You see these 'amazing stories' that seem to contradict this like, some guy who lost 400# really fast and had massive skin surgery (not wise IMO but oh well) but of course, he gains it back and now he's fat AND he's probably got some surgery side effects AND he dared dream about having a life but JUST KIDDING! -- apparently not. The fact that most people can think of some 'amazing success story' who lost that much usually means (a) right, actually proving how incredibly rare it is and (b) so where are they now? Yeah.
Back in the day when people who were 150+# overweight were rare, it probably wasn't such a big deal to consider like now, because the chances of being able to lose and keep off 40# -- which still a huge accomplishment of course -- are vastly higher and more likely than the chances of losing at all, let alone keeping off, 250#. In today's world a ridiculous number of people are ridiculously huge (I speak with experience on this) and I think for anyone who is morbidly obese or higher, a dose of realism is IMPORTANT.

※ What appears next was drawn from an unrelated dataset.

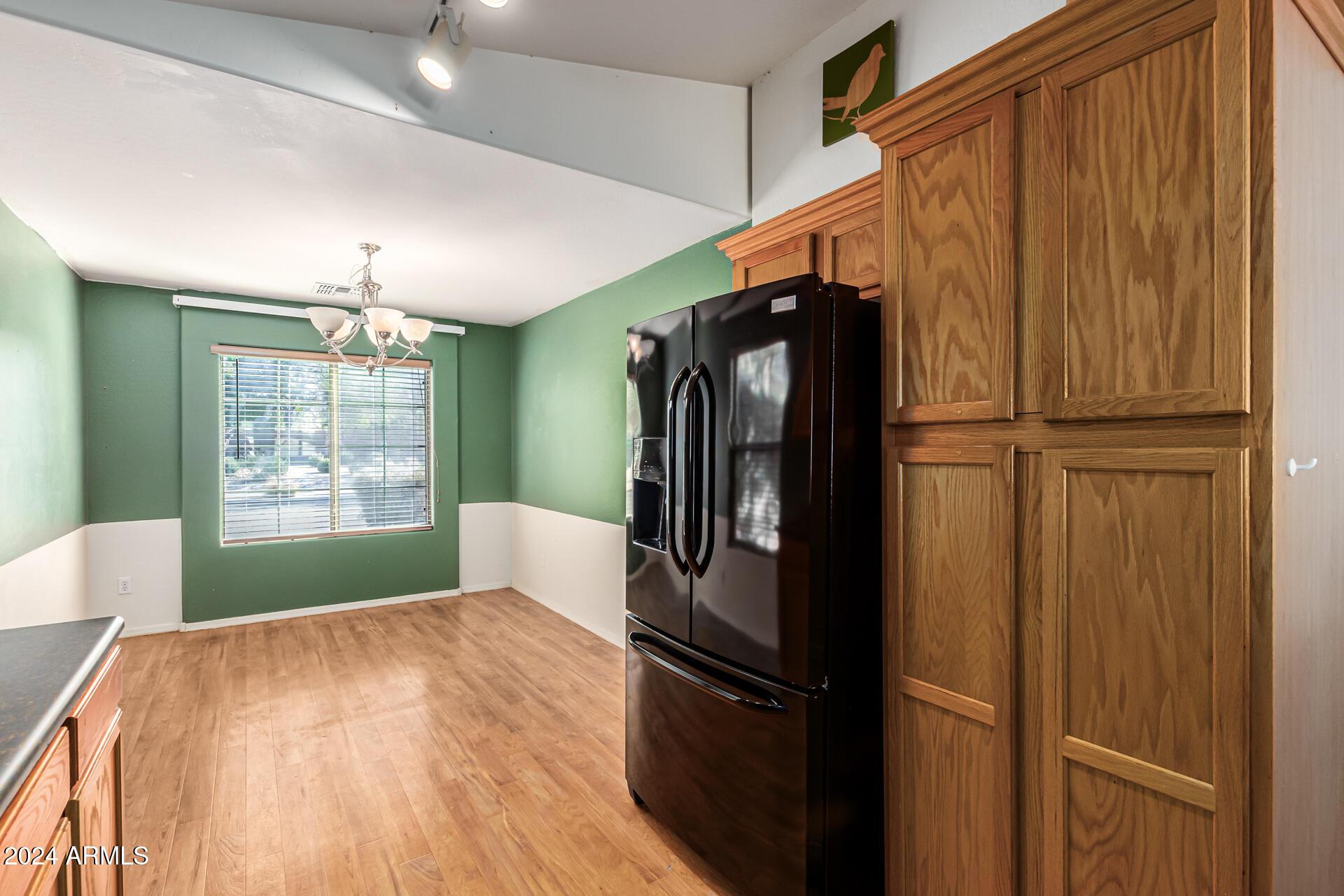 3626 West Vineyard Road Phoenix, AZ 85041 - Photo 6 of 27 09 - Vineyard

Nutritional density (underline that three times), stabilizing blood sugar, and getting off 'toxic un-foods' are the only things I would obsess on if I were advising someone of any state but especially very fat, now. I wish I'd figured that out ten years ago. The last ten years of my life would have been so different. I have no idea how different my weight might be -- likely quite a bit less (less regain perhaps, but I'm not sure) -- but the important this is my health and energy would have been different I believe. It took a decade of doing everything wrong to gradually start realizing something about doing it right (still figuring it out, of course).
But I'd have been healthier if I hadn't been focused on weight loss instead of health. On this OMG I COULD ALMOST BE NORMAL that in my head once I found lowcarb before the FIRST time in my entire life I found something that seemed to WORK. So I obsessed on it. And it worked awesomely! Er, until it didn't for me, and that point, neither did anything else, since I was so trashed energetically I could barely get energy to walk across the hall and pee, never mind doing the massive exercise I'd been joyfully doing up to then. (I am still probably 100# down from my high weight, which is something. Sadly, the universe ate my scale, so I don't actually know for sure, but I 'think'.)
The problem in part is that fat is such a social crisis, such a hideousness to live with, that people don't just feel like they want to be healthier, they feel like getting rid of the fat so they will be less embarrassingly bad is life or death egoically -- they are "desperate" emotionally often -- and they want to do it FAST and calculate how many calories they can NOT EAT so they could be X# less by date-Y and speed seems SO IMPORTANT. This is the psychology part not the physical part, but it tends to affect how people behave and how they set their expectations.
Expectations set by a combination of industries that make weight loss and "maintenance" seem not such a big deal, and vastly more common than it is, and totally IGNORE every body parameter that Dr. Sharma has so nicely explained over time that basically adjusts to try and bring the body back to its high weight... do not help.
I think it's like the body sees our high weight as 'full grown' and anything less is side-effect of some starvation period it wants to eventually recoup from, so everything -- taste, smell, satiety, absorption, O2 burning in exercise, everything adapts to try and bring people back.
Sorry it's a depressing topic. It really is and probably more for me than most anybody reading!